Zieht man nun das Fazit aus Franz-Albrechts reich bewegtem Leben, so ist eines unbestreitbar: daß er zu den Begabteren der vielen Feldherren aus dem dreißigjährigen Kriege gehört. Das Lob Gustav­Adolfs, daß er resolut und kriegserfahren sei, hat er bis zum Tode bewährt. Seine fünfmalige Verwundung sollte ihn auch gegen den
Verdacht der Feigheit schützen. Das Ziel seines politischen Strebens, einen Verständigungsfrieden herbeizuführen, wird die Jetztzeit am allerwenigsten tadeln. Den zweimaligen Parteiwechsel ihm mehr als seinen Zeitgenossen, die gleiches taten, anzurechnen, wäre unbillig. Auch die Mitwelt hat letzteres nicht getan, wenn man von der im Kriege unvermeidlichen Verwertung in der Pressepropaganda absieht. Es sei hier neben den schon in der Einleitung genannten Beispielen besonders auf ein wenig bekanntes vom Kriegsschluß hingewiesen. Als 1647 der Kurfürst von Bayern mit Frankreich und Schweden Waffenstillstand schloß, versuchten zwei seiner Generale, die berühmten Reiterführcr Jan van Werth und v. Spörken, das bayrische Heer zum Übertritt in kaiserliche Dienste zu verleiten. Der Kurfürst ächtete sie und setzte hohe Preise auf ihre Köpfe. Das hinderte ihn aber nicht, 1648, als die beiden inzwischen kaiserliche Generale geworden waren und er den Waffenstillstand gekündigt hatte, seine Truppen den Abtrünnigen zu unterstellen. Als im selben Jahr der Kurfürst seinen General v. Hunolstein in der Beförderung übergeht, schreibt er an den Minister, jenen
gut zu behandeln, da sonst anzunehmen sei, daß er zum Feinde übergehen würde. -

Endlich ist der Vorwurf, als habe Franz-Albrecht seinen sächsischen Kriegsherrn an die Kaiserlichen verraten, nicht zu beweisen. Ein freundschaftlicher Verkehr mit dem Gegner vertrug sich sehr wohl mit den damaligen Kriegsbräuchen. Wieder möge ein klassischer Zeuge sprechen. Pappenheim berichtet im Jahre 1627, als er den dänischen
Oberst Graf Solms in Wolfenbüttel belagerte: "Wir Haltens auf alt abenteurischen Ritterbrauch. Wann das Treffen fürüber und unsere schweißigen (blutigen) Köpf' abgewischt, so kommen wir dann zusammen auf dem Feld, discourieren, essen und trinken und lobt einer des anderen ritterliche Taten, als wenn wir die besten Freunde wären."

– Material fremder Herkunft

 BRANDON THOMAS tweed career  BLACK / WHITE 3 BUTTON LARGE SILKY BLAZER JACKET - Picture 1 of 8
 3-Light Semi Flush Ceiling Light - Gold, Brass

Franz-Albrecht hat nach norddeutscher Weise, was ihn im innersten bewegte, scheu bewahrt oder gar durch eine derbe Redensart sich den Anschein der Unbekümmertheit zu geben versucht. Daß er so unverfängliche Dinge, wie sein Gedenken an den verstorbenen Freund Arnim oder das Lesen in der Bibel, durch Geheimschrift der
Möglichkeit entzieht, daß Dritte davon Kenntnis nehmen könnten, ist nicht die Art leichtfertiger oder gar verbrecherischer Menschen.